Orbene, d’improvviso si è sparsa notizia attraverso giornali e siti di informazione che dalla metà del marzo scorso, cioè da 4 mesi circa, 700 avieri, con annessi mezzi di attacco, sono su un terreno che è teatro di guerra, Arabia, Kuwait e Qatar, senza che né il Parlamento, né il popolo italiano ne ne abbia saputo.
È assolutamente scandaloso; l’Italia è in guerra, nella ignoranza del suo popolo!
Nemmeno il tragico regime fascista osò tanto, perché Mussolini, nella sua esasperata follia, la guerra la dichiarò a mezzo mondo, USA e URSS compresi, dopo comunicazione ad un Parlamento “bivacco di cavalli”, prima, e al popoli poi, dallo storico e tristo balcone di piazza Venezia.
Dunque, aumenti dei costi della vita, sottrazione di servizi essenziali, impoverimento dello stato sociale trovano spiegazione anche in questa scellerata scelta, ovvero si sono stretti i cordoni della borsa per fronteggiare i costi aggiuntivi che derivano da una economia di guerra.
È stringente e legittimo, allora, che il cittadino ponga a se stesso delle riflessioni:
1) chi e come ha deciso l’invio di soldati in un teatro di guerra, fino a rendersi partecipi dell’azione aggressiva USA contro l’Iran?
2) se, come ci sarebbe da aspettarsi, Trump avrebbe “consigliato” alla Presidente del Consiglio l’invio delle truppe e la partecipazione ad una guerra di aggressione, resterebbero sconosciuti poi altri motivi della irriverenza dello stesso Trump nei riguardi della Presidente del Consiglio e verso l’Italia. Che altro ci sarebbe?

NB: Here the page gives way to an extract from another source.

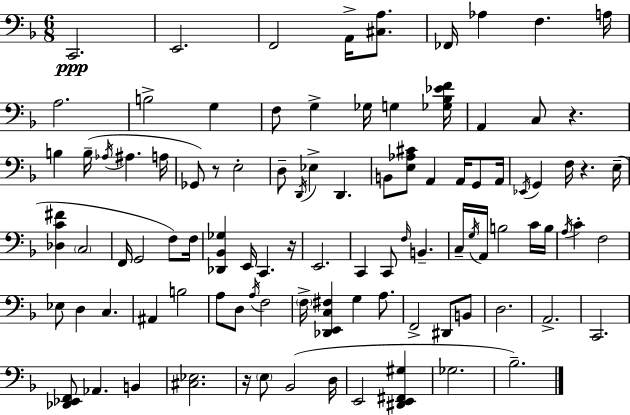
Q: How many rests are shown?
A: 5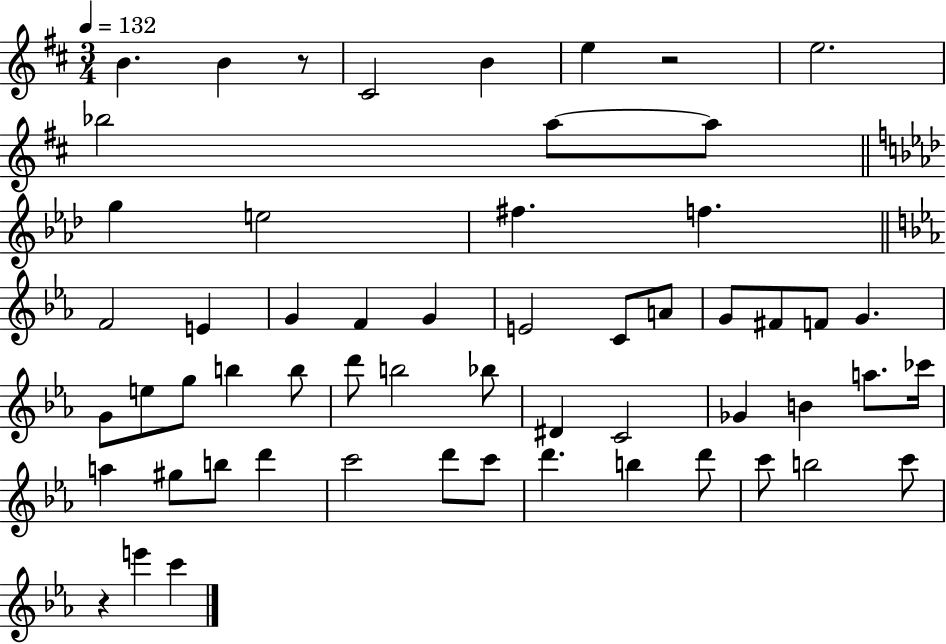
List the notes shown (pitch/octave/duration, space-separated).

B4/q. B4/q R/e C#4/h B4/q E5/q R/h E5/h. Bb5/h A5/e A5/e G5/q E5/h F#5/q. F5/q. F4/h E4/q G4/q F4/q G4/q E4/h C4/e A4/e G4/e F#4/e F4/e G4/q. G4/e E5/e G5/e B5/q B5/e D6/e B5/h Bb5/e D#4/q C4/h Gb4/q B4/q A5/e. CES6/s A5/q G#5/e B5/e D6/q C6/h D6/e C6/e D6/q. B5/q D6/e C6/e B5/h C6/e R/q E6/q C6/q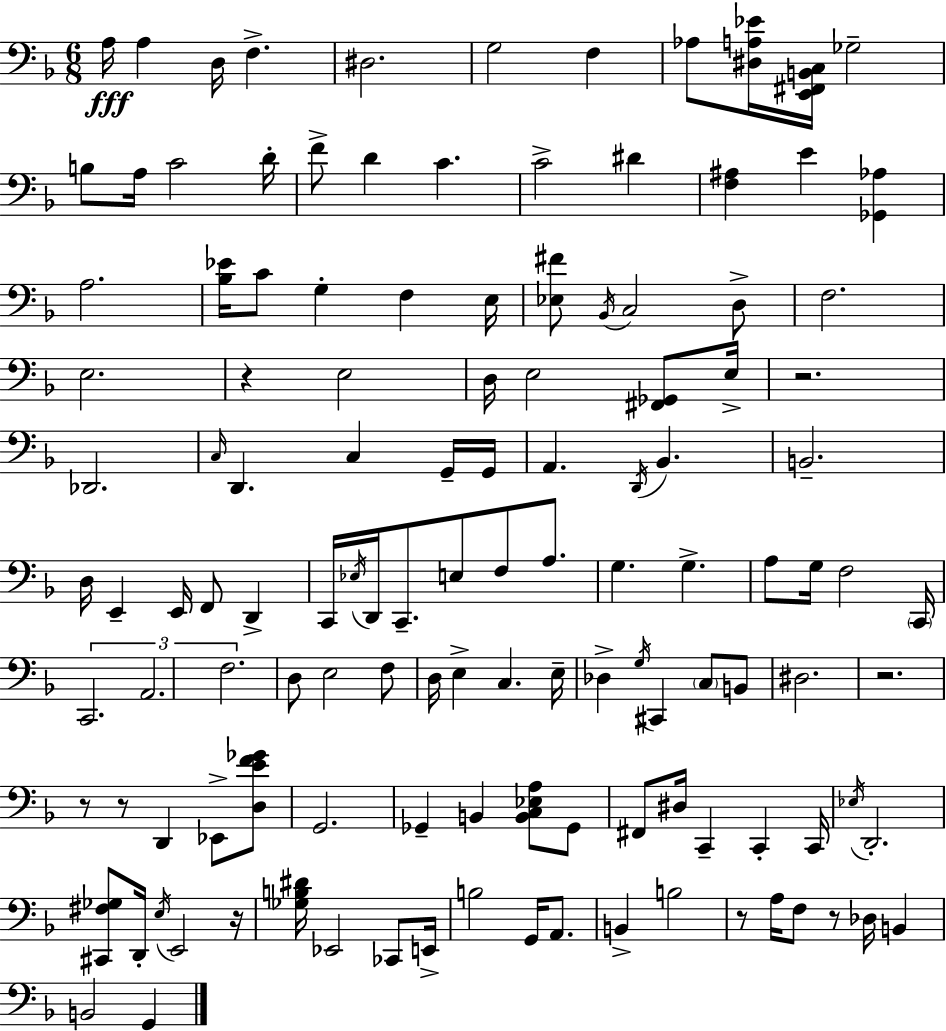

3) il Presidente della Repubblica, capo delle Forze Armate ha avallato in assenza di comunicazione e discussione in Parlamento questa azione militare, ricoprendo Egli, come detto la funzione di Capo delle forze armate?
4) le forze che sostengono il Governo e quelle di opposizione hanno finto o davvero non ne sapevano? Esse hanno o non hanno il convincimento che sono state fatte scelte contro la Costituzione della repubblica italiana?
5) se malauguratamente dovessero esservi atti di guerra, per ritorsioni, contro l’Italia da parte dell’Iran, che si pensa di fare? È già preventivato che possa sapere, senza anticiparne le nefaste conseguenze al popolo?
È gravissimo per noi cittadini e per l’Italia, repubblica democratica, subire queste scelleratezze che un Governo, miope e tracotante, ci sta scaricando sulle spalle.
È un momento dove il destino del popolo italiano sembra che si avvii su un percorso orientato a scenari impensabili, non esclusi quelli disastrosi; la vita di tutti noi è sospesa nell’incerto, perché gravata da pericoli mai fino ad ora ipotizzati, perciò tanto incredibili, quanto sorprendenti. È come vivere in una dimensione parallela, irreale, quasi cinematografica. Essere su scenari di guerre senza condivisione dell’assemblea dell’ONU e, ancor più senza il voto favorevole del Parlamento italiano, è golpe!
È ora che le forze di opposizione, smettano il fioretto e impugnino la sciabola; che sia occupazione dell’Aula del Parlamento, richiesta di dimissioni del Governo, denuncia alla Suprema Corte per alto tradimento della Carta Costituzionale.
È nelle cose, nella volontà di riappropriarci di un futuro di pace e di rispetto dell’articolo 11 della Costituzione.